A dispetto dei media e dei tanti giornalisti e opinionisti che in Italia ed Europa continuano a genuflettersi ai suoi piedi e plaudire a ogni sua dichiarazione, anche se strampalata, Zelensky si conferma un debole propagandista, la cui credibilità viene garantita solo dall’accondiscendenza politica e mediatica, totalmente acritica, che gli viene accordata nelle cancellerie e in molte redazioni in Occidente e in Italia. Lo scenario immaginato dal presidente ucraino al momento cozza con una realtà diametralmente opposta. Gli ucraini continuano a perdere decine di migliaia di uomini (ospedali sovraccarichi di feriti vengono segnalati in tutte le retrovie del fronte lungo quasi mille chilometri) in assalti che finora non hanno infranto le tre barriere di fortificazioni della Linea Surovikin nella regione di Zaporizhia. 

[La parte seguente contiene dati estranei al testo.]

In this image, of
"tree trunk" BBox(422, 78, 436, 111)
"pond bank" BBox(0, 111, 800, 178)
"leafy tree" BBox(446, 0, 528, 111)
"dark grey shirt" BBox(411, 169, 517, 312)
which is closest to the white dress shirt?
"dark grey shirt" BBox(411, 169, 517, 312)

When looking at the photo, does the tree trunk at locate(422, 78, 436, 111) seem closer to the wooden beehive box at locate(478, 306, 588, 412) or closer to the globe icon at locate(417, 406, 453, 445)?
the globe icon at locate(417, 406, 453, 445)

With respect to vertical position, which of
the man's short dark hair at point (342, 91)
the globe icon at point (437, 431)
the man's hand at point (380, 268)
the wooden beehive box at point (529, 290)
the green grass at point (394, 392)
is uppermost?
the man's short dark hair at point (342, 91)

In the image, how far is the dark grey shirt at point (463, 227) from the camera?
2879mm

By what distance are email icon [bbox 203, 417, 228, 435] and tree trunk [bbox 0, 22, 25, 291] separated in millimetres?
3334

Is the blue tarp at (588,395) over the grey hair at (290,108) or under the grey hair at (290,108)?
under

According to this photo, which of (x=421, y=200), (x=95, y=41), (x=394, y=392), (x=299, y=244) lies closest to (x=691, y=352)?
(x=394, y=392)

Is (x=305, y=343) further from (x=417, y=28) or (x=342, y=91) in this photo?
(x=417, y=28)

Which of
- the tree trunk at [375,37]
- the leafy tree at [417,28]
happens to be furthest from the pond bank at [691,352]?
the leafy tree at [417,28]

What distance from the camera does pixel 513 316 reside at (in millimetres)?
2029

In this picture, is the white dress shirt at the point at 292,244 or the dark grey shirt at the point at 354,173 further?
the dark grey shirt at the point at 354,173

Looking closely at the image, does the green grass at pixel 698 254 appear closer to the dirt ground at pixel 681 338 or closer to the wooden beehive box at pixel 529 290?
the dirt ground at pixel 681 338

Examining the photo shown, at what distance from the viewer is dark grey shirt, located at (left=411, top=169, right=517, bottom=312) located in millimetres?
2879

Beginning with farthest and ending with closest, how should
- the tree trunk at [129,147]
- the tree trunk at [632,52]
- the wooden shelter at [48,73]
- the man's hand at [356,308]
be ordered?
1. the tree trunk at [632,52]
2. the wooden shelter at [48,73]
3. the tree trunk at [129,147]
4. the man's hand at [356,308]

Le truppe di Kiev continuano ad accanirsi e a dissanguarsi attaccando villaggi ormai rasi al suolo lungo la linea degli avamposti che in tre mesi sono stati più volte espugnati e perduti. Più a nord, nell’eterna battaglia intorno a Bakhmut, i russi stanno respingendo gli ucraini che per molte settimane hanno cercato di riprendere il controllo delle alture attorno alla città. Ancora più a nord lungo il confine tra e regioni di Lugansk e Kharkiv, i russi avanzano con continuità puntando sul centro stradale e ferroviario di Kupyansk. Benché gli ucraini abbiano ritirato due brigate dall’offensiva a sud per rinforzare le difese della città strategica i russi continuano ad avanzare.

Anche sul piano strategico le cose non sembrano andare molto bene per Kiev. Alle enormi perdite umane si aggiungono i tanti mezzi e armamenti andati perduti in questa controffensiva finora fallimentare mentre anche la carenza di munizioni comincia ad assumere gravi proporzioni poiché gli alleati non sono in grado di compensare gli ingenti consumi determinati in questi tre mesi di continui attacchi quotidiani.

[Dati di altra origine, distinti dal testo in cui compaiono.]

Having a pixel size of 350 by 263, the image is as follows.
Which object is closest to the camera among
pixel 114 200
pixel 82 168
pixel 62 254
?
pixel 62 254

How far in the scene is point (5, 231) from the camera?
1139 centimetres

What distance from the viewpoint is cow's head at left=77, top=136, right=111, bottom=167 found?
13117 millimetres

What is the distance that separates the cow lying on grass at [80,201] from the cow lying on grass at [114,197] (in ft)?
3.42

L’andamento della guerra sembra quindi indicare le gravi difficoltà ucraine, non l’imminente tracollo della Russia, unica opzione che potrebbe forse obbligare Mosca a negoziare sulla Crimea.

Ieri l'ex presidente russo e attuale vicepresidente del Consiglio di sicurezza Dimitri Medvedev ha messo in guardia contro la probabile autorizzazione occidentale all'Ucraina a impiegare armi fornite dai paesi membri della NATO per attaccare obiettivi nella penisola di Crimea, la cui annessione alla Russia non è riconosciuta in Occidente e quindi considerata tecnicamente fuori dal territorio della Federazione Russa.  

Medvedev, sul suo canale Telegram ha ventilato la possibilità che questo scenario costituisca un casus belli che offra a Mosca «l'opportunità di agire nell'ambito dello jus ad bellum (che specifica le legittime ragioni di uno Stato per intraprendere una guerra) contro i paesi della NATO. È triste perché questo avvicina l'Apocalisse» ha concluso Medvedev evocando ancora una volta il rischio di uno scontro nucleare. 

Affermazioni a cui Medvedev ci ha abituato da tempo, ma che dovrebbero indurre molti in Occidente a chiedersi se la Russia sia davvero disposta a negoziare in questa fase della guerra che la vede avvantaggiata.

Nel marzo 2022 gli anglo-americani imposero a ucraini e alleati la continuazione della guerra che avrebbe dovuto logorare la Russia compromettendo così il buon esito dell’accordo di pace mediato dalla Turchia. Oggi che il maggior logoramento militare lo patiscono gli ucraini, il maggior logorio economico lo subisce l’Europa mentre quello politico sembra fare ampia breccia nella campagna elettorale statunitense, i russi potrebbero non avere alcun interesse a negoziare un cessate il fuoco.

Vista la debolezza di Kiev con un’Europa sull’orlo del tracollo economico e un’America sempre più distratta dai suoi gravi problemi interni, Mosca potrebbe essere tentata di scommettere sulla sconfitta degli ucraini, a partire dai campi di battaglia e su un passo indietro dei suoi alleati. Con buona pace dei sogni di Zelensky sulla smilitarizzazione della Crimea.